#Getting Started Download and Install Sqoop
Note: Choose appropriate version, Do not use sqoop2 as it is not officially GA and may never be
$ wget http://apache.arvixe.com/sqoop/1.4.6/sqoop-1.4.6.bin__hadoop-2.0.4-alpha.tar.gz
$ sudo mv sqoop-1.4.6.bin__hadoop-2.0.4-alpha.tar.gz /srv/
$ cd /srv
$ sudo tar -xvf sqoop-1.4.6.bin__hadoop-2.0.4-alpha.tar.gz
$ sudo chown -R hadoop:hadoop sqoop-1.4.6.bin__hadoop-2.0.4-alpha
$ sudo ln -s $(pwd)/sqoop-1.4.6.bin__hadoop-2.0.4-alpha $(pwd)/sqoop
NOTE: If you feel setting up your own cluster is overwhelming, download and use Cloudera Quickstart VM and skip the setup part, Quickstart vm setup is as simple as download the archive file for virtual box and choosing File --> Import Appliance --> [Choose the extracted vmdk file]
- Quickstart VM is preloaded with all the necessary Hadoop ecosystem services (HDFS, Yarn, Hive, Impala, Beeline, HBase, Spark etc.)
- Default login credentials are Username: cloudera Password: cloudera, for Mysql username: root, password: cloudera
Use user hadoop and configure environment
$ sudo su hadoop
$ vim ~/.bashrc
# add Sqoop aliases in bashrc
$ export SQOOP_HOME=/srv/sqoop
$ export PATH=$PATH:$SQOOP_HOME/bin
$ source ~/.bashrc
NOTE: Place appropriate JDBC driver jar in $SQOOP_HOME/lib directory
verify installation
$ cd $SQOOP_HOME
$ sqoop help
15/06/04 21:57:40 INFO sqoop.Sqoop: Running Sqoop version: 1.4.6
usage: sqoop COMMAND [ARGS]
Available commands:
codegen Generate code to interact with database records
create-hive-table Import a table definition into Hive
eval Evaluate a SQL statement and display the results
export Export an HDFS directory to a database table
help List available commands
import Import a table from a database to HDFS
import-all-tables Import tables from a database to HDFS
job Work with saved jobs
list-databases List available databases on a server
list-tables List available tables in a database
merge Merge results of incremental imports
metastore Run a standalone Sqoop metastore
version Display version information
See 'sqoop help COMMAND' for information on a specific command.

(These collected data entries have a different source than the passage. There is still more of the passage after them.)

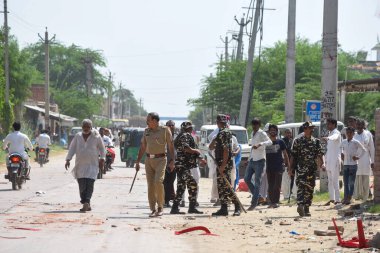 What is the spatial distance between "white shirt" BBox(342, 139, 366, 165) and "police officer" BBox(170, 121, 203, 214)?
3215 mm

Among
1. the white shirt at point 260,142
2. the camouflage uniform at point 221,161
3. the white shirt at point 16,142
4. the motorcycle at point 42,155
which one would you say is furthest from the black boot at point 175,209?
the motorcycle at point 42,155

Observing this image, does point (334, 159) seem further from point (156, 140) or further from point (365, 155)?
point (156, 140)

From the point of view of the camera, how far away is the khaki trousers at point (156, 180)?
54.1 ft

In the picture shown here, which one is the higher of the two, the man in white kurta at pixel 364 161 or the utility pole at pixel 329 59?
the utility pole at pixel 329 59

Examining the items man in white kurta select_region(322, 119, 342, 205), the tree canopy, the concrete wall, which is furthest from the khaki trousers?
the tree canopy

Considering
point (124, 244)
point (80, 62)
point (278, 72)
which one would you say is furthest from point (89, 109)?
point (124, 244)

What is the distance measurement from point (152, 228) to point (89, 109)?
97.7 meters

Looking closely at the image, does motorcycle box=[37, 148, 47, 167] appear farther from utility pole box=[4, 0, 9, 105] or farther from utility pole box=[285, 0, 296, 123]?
utility pole box=[4, 0, 9, 105]

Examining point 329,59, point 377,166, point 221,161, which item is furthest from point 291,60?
point 221,161

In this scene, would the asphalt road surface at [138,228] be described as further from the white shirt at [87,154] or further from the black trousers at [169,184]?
the white shirt at [87,154]

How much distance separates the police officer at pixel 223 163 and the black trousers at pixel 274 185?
2.56 m

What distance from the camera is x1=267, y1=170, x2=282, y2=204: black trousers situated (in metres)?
19.5

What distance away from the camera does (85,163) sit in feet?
56.2

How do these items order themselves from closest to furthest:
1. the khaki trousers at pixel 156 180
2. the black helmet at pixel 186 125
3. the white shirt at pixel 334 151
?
1. the khaki trousers at pixel 156 180
2. the black helmet at pixel 186 125
3. the white shirt at pixel 334 151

If you see any warnings displayed pertaining to HCatalog, you can safely ignore them for now. As you can see, Sqoop provides a list of import- and export-specific commands and tools that expect to connect with either a database or Hadoop data source.
#Importing with Sqoop
NOTE: Use the command hadoop fs -rmr /etl/input/* to clear the HDFS data, for a clean run on the hands-on excercises.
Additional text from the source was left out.